Your goal → Pictures must not appear in the copy. Restate exactly the lines below from the one with "Cashmere Men's Round Necks" through the one with "Skeletons of Dinosaurs", inclusive.

Data provided →

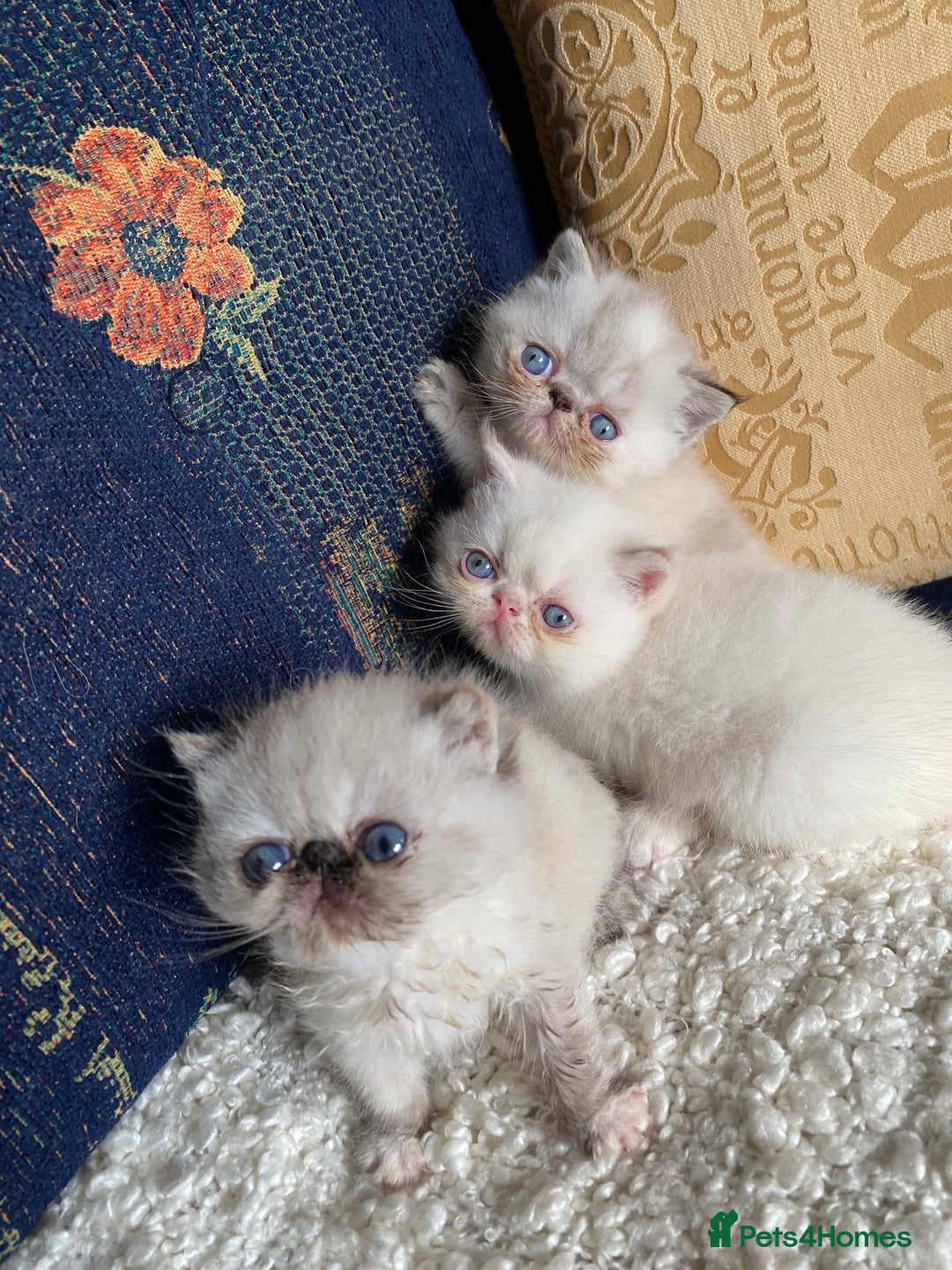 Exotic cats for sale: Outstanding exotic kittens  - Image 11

---

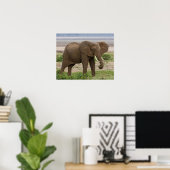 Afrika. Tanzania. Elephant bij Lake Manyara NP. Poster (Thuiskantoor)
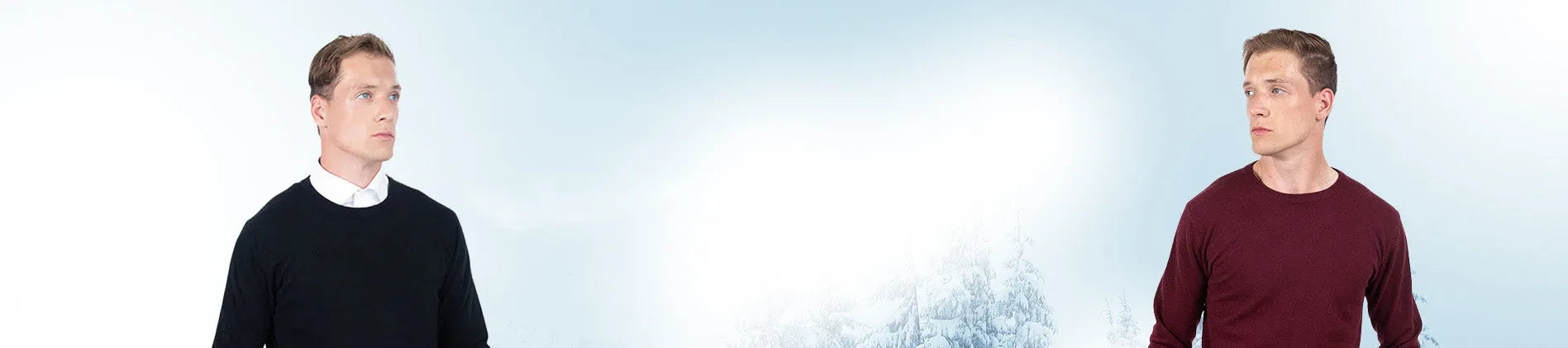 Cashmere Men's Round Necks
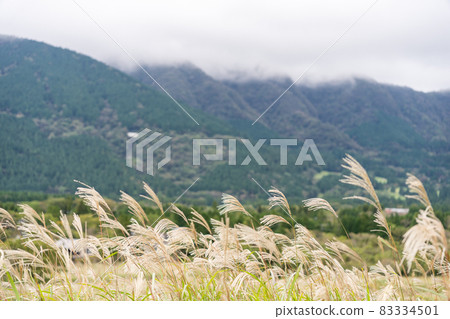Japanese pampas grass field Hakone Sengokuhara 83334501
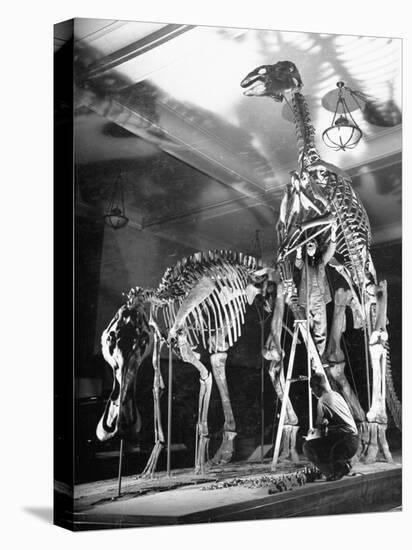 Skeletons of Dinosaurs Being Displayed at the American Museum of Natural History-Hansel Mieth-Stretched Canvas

--

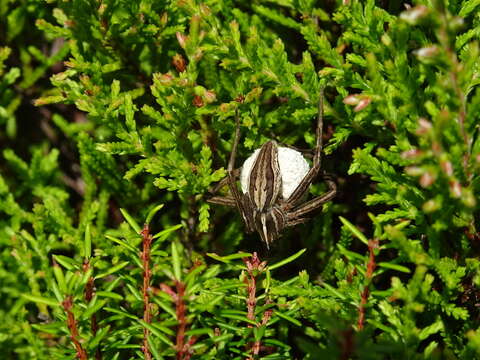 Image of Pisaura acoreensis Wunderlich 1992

Answer for this exercise →
 Cashmere Men's Round Necks
Japanese pampas grass field Hakone Sengokuhara 83334501
 Skeletons of Dinosaurs Being Displayed at the American Museum of Natural History-Hansel Mieth-Stretched Canvas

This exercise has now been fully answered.